STEP 5) Report the Contribution Correctly on Your Tax Return
When you report your taxes, you’ll need to make sure you have a correctly completed Form 8606. It’s a short form but there are opportunities to screw it up and confuse the IRS. Your Form 8606 should look like this, unless you’re doing a conversion in a different year from your contribution. If you’re checking your tax-preparer’s work, focus on lines 2, 14, 15 and 18. All should be a very small amount, likely zero, unless you earned a little interest in the period between making the contribution and doing the conversion. Make sure those lines aren’t large amounts like $5,500.
One interesting aspect of the form is that there’s no place to insert the date you made the conversion (your IRA custodian doesn’t report this either).

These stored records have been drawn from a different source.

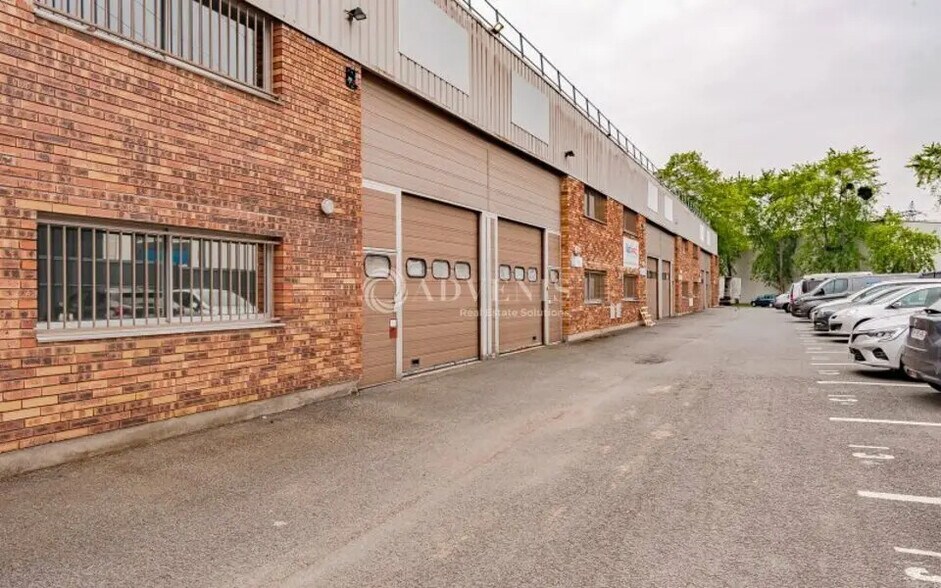 Local d’activités dans Lisses à louer - Photo de l’immeuble – Image 1 sur 7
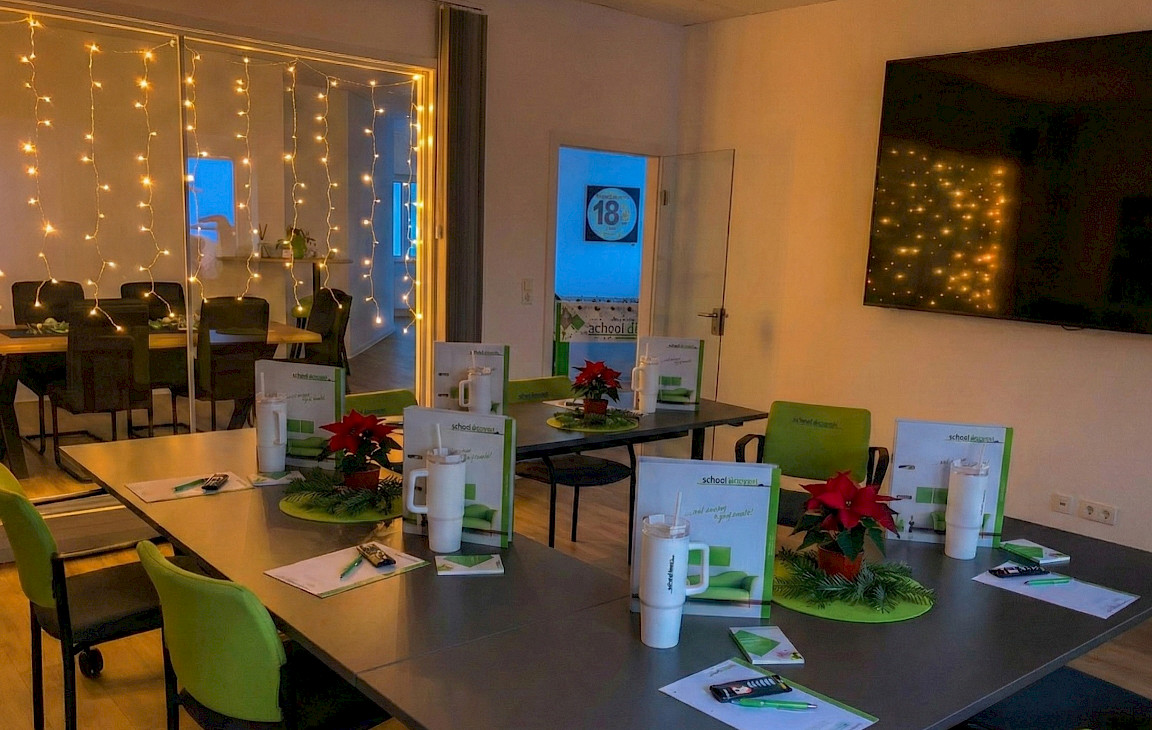 Ein Seminarraum, in dem Wissen aufblüht und die Weihnachtszeit mit jedem Lichtstrahl spürbar wird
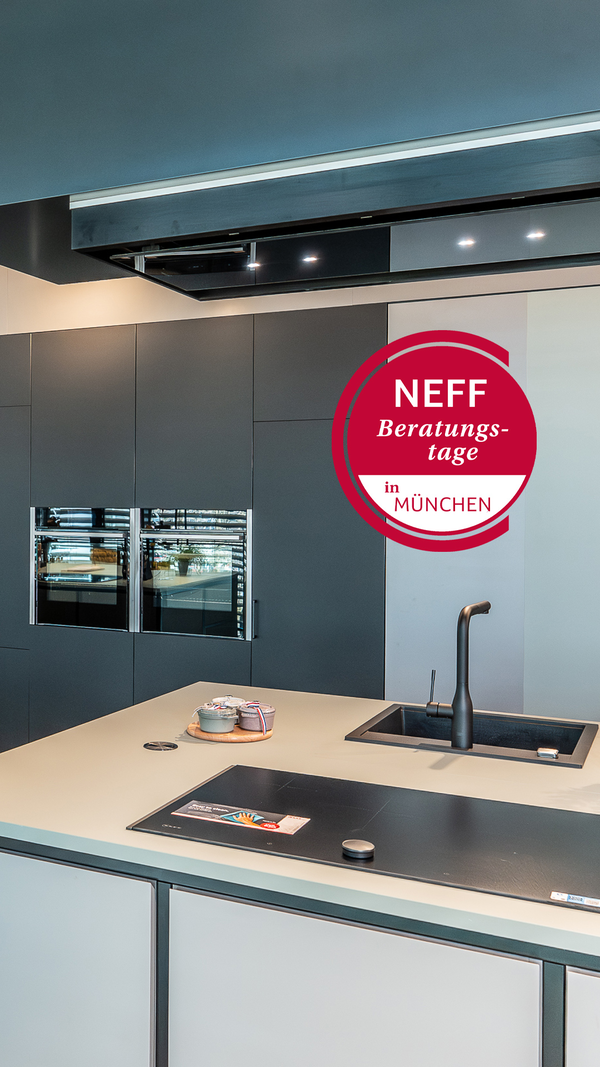 NEFF Showroom M&uuml;nchen mit modernen K&uuml;chenger&auml;ten und Hinweis auf Beratungstage.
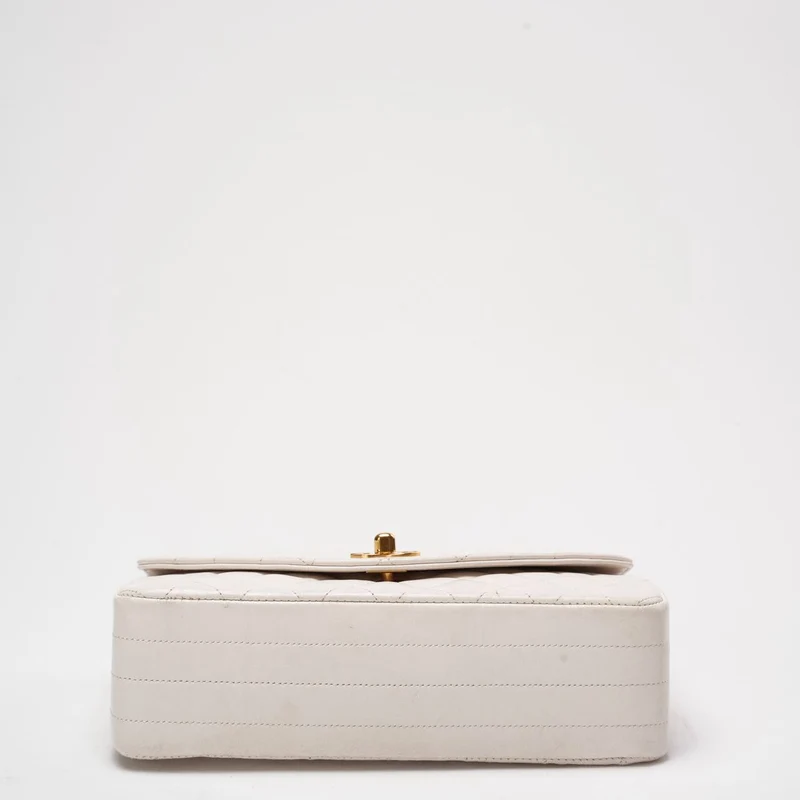 Chanel Vintage Diana Flap Bag Weißes Leder 24K Gold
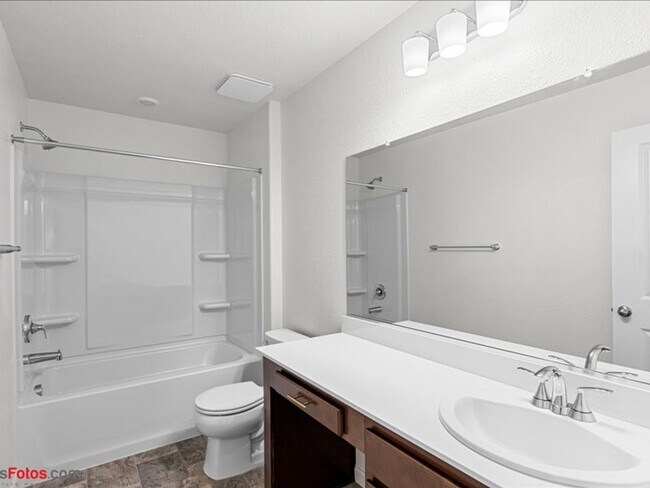 Building Photo - **** MOVE IN SPECIAL- 1/2 OFF FIRST MONTH RENT ****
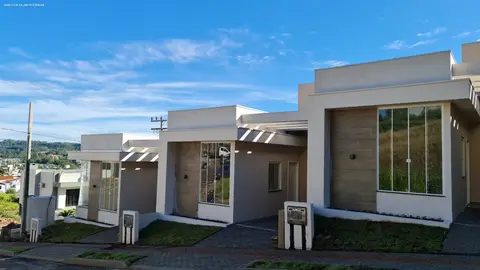 Casa para Venda, Maravilha / SC, bairro Loteamento Colibri II, 2 dormitórios, 1 banheiro, 1 vaga de garagem, área total 73 m², área construí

Below is a generic Form 8606 from 2016:
STEP 6) Repeat Next Year
Most IRA custodians will keep an account open for a year even if the balance is zero, therefore your empty Traditional IRA should be available next year for you to use again. Just remember, you cannot end the taxable year on December 31st with any pre-tax money in your IRA accounts. So, if later this year you leave your employment, you can’t roll your former job’s 401(k) into a Traditional IRA unless you “remove” it again as described in Step 1.
Will Congress Close the “Backdoor”?
You’re probably also wondering if one day Congress will close the Backdoor Roth IRA. There have been many discussions about closing the loophole, but as of 2017 it’s still available. Some people speculate that Congress is happy to keep the “backdoor” open because each year some people will convert existing pre-tax money in their Traditional IRA to a Roth IRA, thus generating taxable income for the year and raising tax receipts. Time will tell if the “backdoor” gets closed. Until then, you can take advantage to build a Roth IRA balance even if your income doesn’t allow you to contribute directly.